Facilities Directory-Unless you object, MD2U will use and disclose certain PHI to maintain a directory of patients.

Family Members-Unless you object, MD2U will disclose certain PHI to a family member, other relative, close friend, or other person you identify. Such information disclosed will be directly relevant to such person’s involvement with your health care and well being. If you are unable or unavailable to agree or object, MD2U may disclose information as necessary if we determine it is in your best interest. MD2U may use or disclose information to notify, or assist in the notification of a family member, your personal representative or other responsible person for your care, your address or phone number, general condition or death.

Business Associates
MD2U will share and disclose your health information with third party “business associates” which perform various activities on behalf of you the patient and MD2U (for example, billing, collections, network and software services, laboratory testing and imaging).

Treatment
We will use and disclose your PHI to provide, manage and coordinate your health care and any related services. This includes the coordination or management of your health care with a third party. For example, we would disclose your PHI to a laboratory for testing or a radiology group to order imaging. We may also disclose your PHI to another physician (specialist) whom you have been referred to ensure that the physician has the necessary information to diagnose or treat you.

Your Rights
Following is a statement of your rights with respect to your protected health information. You have the right to inspect and copy your protected health information. Under federal law, however, you may not inspect or copy the following records; psychotherapy notes; information compiled in reasonable anticipation of, or use in, a civil, criminal, or administrative action of proceeding, and protected health information that is subject to law that prohibits access to protected health information. You have the right to request a restriction of you protected health information. This means you may ask us not to use or disclose any part of your protected health information for the purposes of treatment, payment or healthcare operations. You may also request that any part of your protected health information not be disclosed to family members or friends who may be involved in your care or for notification purposes as described in this Notice of Privacy Practices. Your request must state the specific restriction requested and to whom you want that restriction to apply.

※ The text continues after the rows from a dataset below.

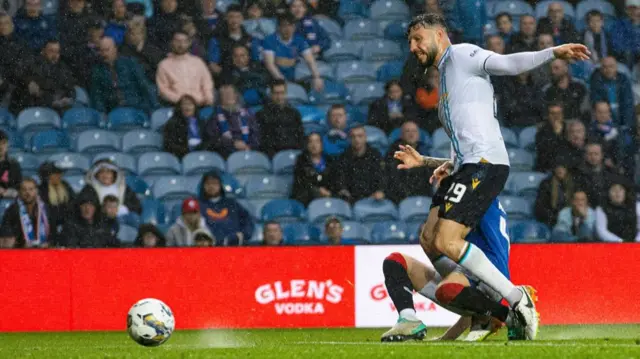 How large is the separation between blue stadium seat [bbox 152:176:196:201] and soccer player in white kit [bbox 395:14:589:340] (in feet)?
21.4

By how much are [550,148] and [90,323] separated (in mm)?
5381

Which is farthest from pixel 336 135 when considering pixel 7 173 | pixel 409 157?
pixel 409 157

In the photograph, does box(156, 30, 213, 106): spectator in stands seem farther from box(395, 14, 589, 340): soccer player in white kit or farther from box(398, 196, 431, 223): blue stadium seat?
box(395, 14, 589, 340): soccer player in white kit

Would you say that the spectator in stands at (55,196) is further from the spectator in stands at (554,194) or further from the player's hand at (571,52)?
the player's hand at (571,52)

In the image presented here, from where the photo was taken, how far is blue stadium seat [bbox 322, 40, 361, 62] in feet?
48.2

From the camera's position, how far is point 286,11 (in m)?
14.3

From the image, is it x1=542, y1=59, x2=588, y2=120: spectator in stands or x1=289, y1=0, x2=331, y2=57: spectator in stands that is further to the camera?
x1=289, y1=0, x2=331, y2=57: spectator in stands

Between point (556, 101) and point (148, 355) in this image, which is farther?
point (556, 101)

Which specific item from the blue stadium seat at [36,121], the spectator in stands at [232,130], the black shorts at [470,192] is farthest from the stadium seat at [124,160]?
the black shorts at [470,192]

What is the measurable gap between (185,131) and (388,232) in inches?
102

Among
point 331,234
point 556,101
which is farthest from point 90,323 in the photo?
point 556,101

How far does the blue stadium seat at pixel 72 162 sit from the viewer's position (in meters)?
13.5

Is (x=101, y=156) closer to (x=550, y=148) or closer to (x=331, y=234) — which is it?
(x=331, y=234)

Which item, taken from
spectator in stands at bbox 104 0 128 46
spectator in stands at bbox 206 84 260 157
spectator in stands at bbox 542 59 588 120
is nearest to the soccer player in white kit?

Your physician is not required to agree to a restriction that you may request. If physician believes it is in your best interest to permit use and disclosure of your protected health information, your protected health information will not be restricted. You then have the right to use another Healthcare Professional.

You have the right to request to receive confidential communication from us by alternative location. You have the right to obtain a paper copy of this notice from us, upon request, even if you have agreed to accept this notice alternatively i.e. electronically.

You may have the right to have your physician amend your protected health information. If we deny your request for amendment, you have the right to file a statement of disagreement with us and we may prepare a rebuttal to your statement and will provide you a copy of any such rebuttal. You have the right to receive and accounting of certain disclosures we have made, if any, of your protected health information.

We reserve the right to change the terms of this notice and will inform you by mail of any charges. You then have the right to object or withdraw as provided in this notice.

Complaints
You may complain to us or the Secretary of Health and Human Services if you believe your privacy rights have been violated by us. You may file a complaint with us by notifying our privacy contact of your complaint. We will not retaliate against you for filing a complaint.

This notice was published and becomes effective on/or before April 14, 2003. We are required by law to maintain the privacy of, and provide individuals with, this notice of our legal duties and privacy practices with respect to protected health information. If you have any objections to this form, please ask to speak with our HIPAA Compliance Officer, Debbie Wagner, in person or by phone at our Main Phone Number.